Security issues have been a concern with the cloud, but technology is helping make enhanced security a reality. Mullin notes there are always security issues when dealing with computers, and the cloud exposes users to more. “But [there are] all the firewalls available to protect users. All providers are wrapping multiple levels of security around all the applications to provide greater control. And private virtual networks allow you to encrypt data back and forth.”
A user’s perspective
Once Manhattan Skyline chose cloud computing, company officials found it offered substantial benefits beyond the opportunity to avoid hardware and licensing expenditures. Not having to deal with “cooling, the electricity and the consumption of physical real estate by the hardware” was a big upside, Rosen says.
“We would also have instant redundancy, and hopefully more reliability,” he adds. “Our legal team did some due diligence as to how security was working, and we deemed it to be equal to or better than an on-premise solution. “Nothing is fully secure, and we understand that.”
The real clincher that Manhattan Skyline had made the right decision regarding cloud computing came after Hurricane Sandy’s devastating impact. “Realizing we were still up and running as a business, even though our physical space was not really functional, was the proof of the pudding,” Rosen says. “That has probably spurred more investigation on our part into additional use of the cloud, such as taking our phone service to the cloud. That additional interest is based on how well the cloud fared during and after that hurricane.”
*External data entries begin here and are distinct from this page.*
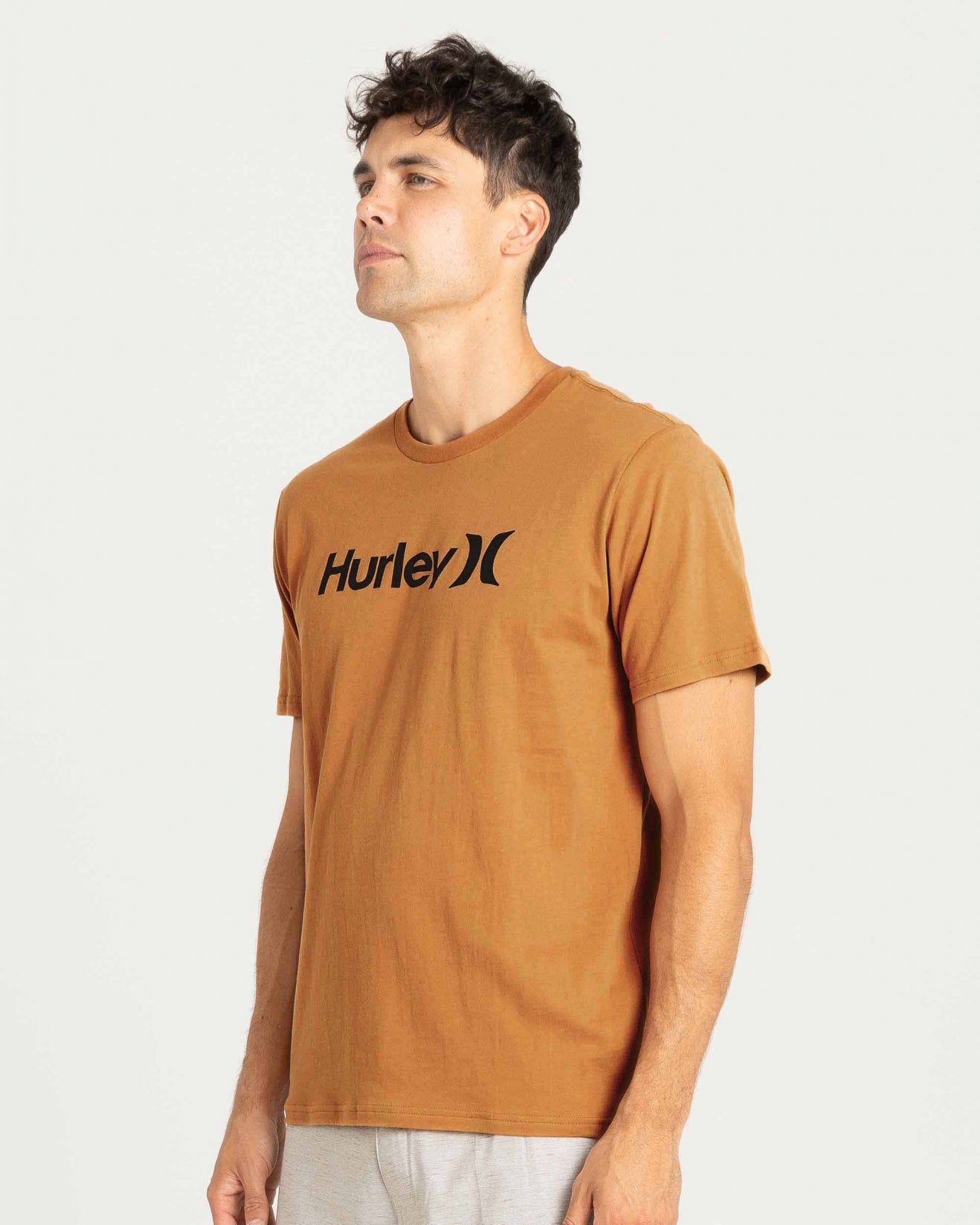 Everyday Washed One And Only Hurley Mens T Shirt
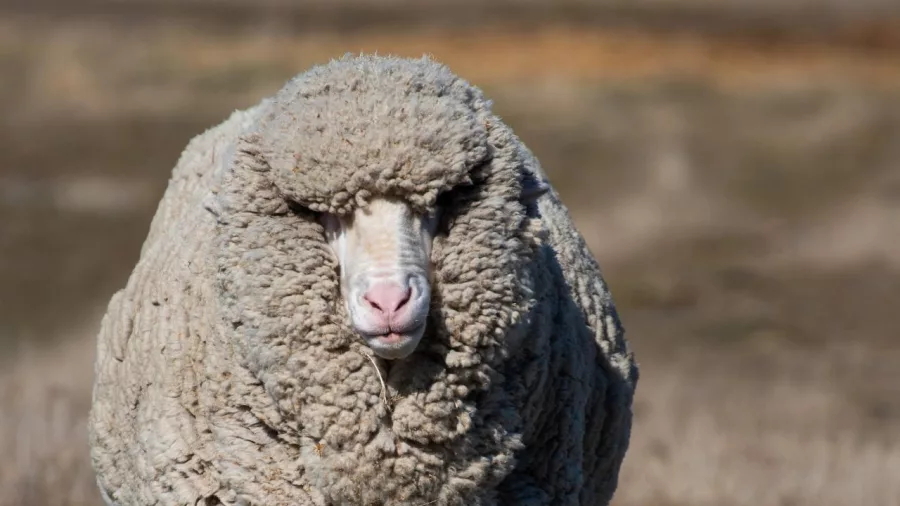 Close-up of a fluffy Merino sheep walking across a paddock at Lake Tekapo Petting Zoo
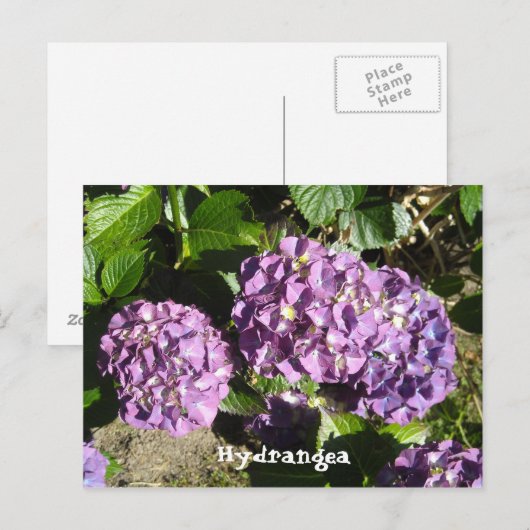 Anteile der Lila Hydrangea Postkarte (Vorne/Hinten)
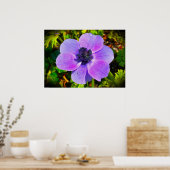 アネモネ ポスター (キッチン)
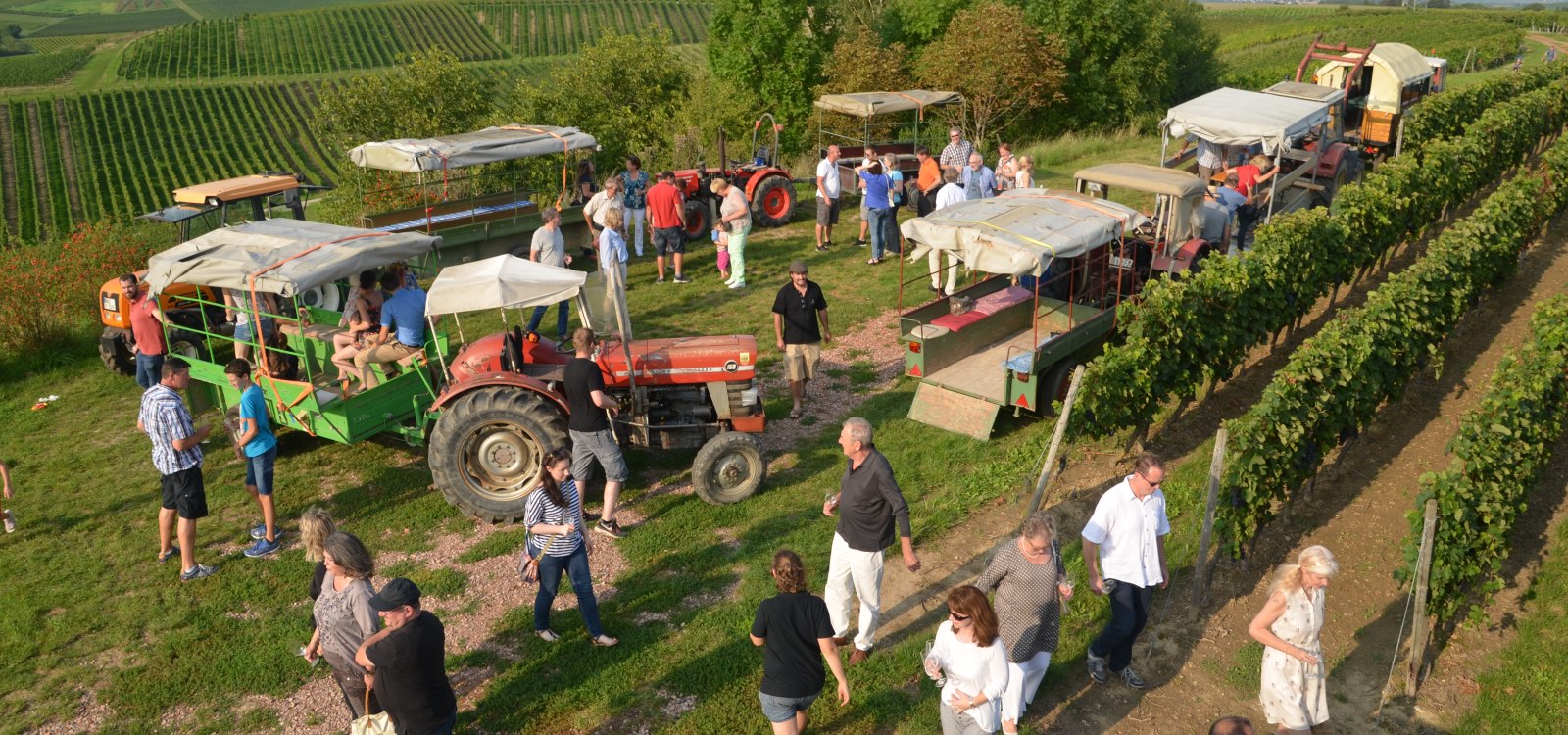 Weinbergsrundfahrt, &copy; Weingut Hoos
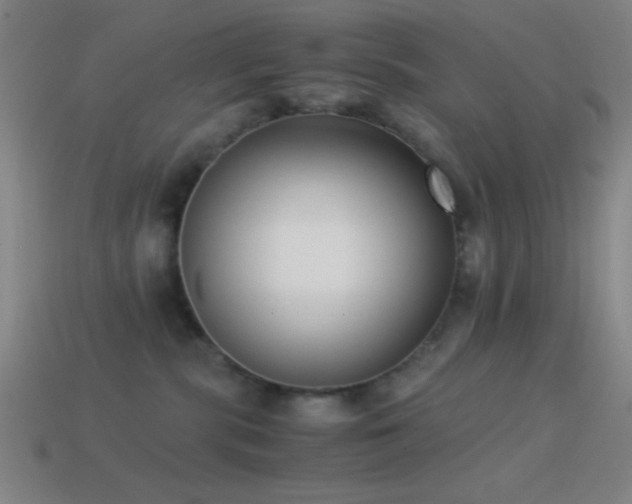 X0000114410283200910161213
What developments will be seen in the multi-family industry’s use of the cloud over the coming years? Mullin believes one significant trend will be a trickle-down from larger to smaller companies. In the industry, “you go from large owner-operators to very small companies, and you’ll see more of the smaller operators coming online,” he says.
“And how you‘re exposed to the cloud will become more seamless. The user interfaces will become much easier to use.”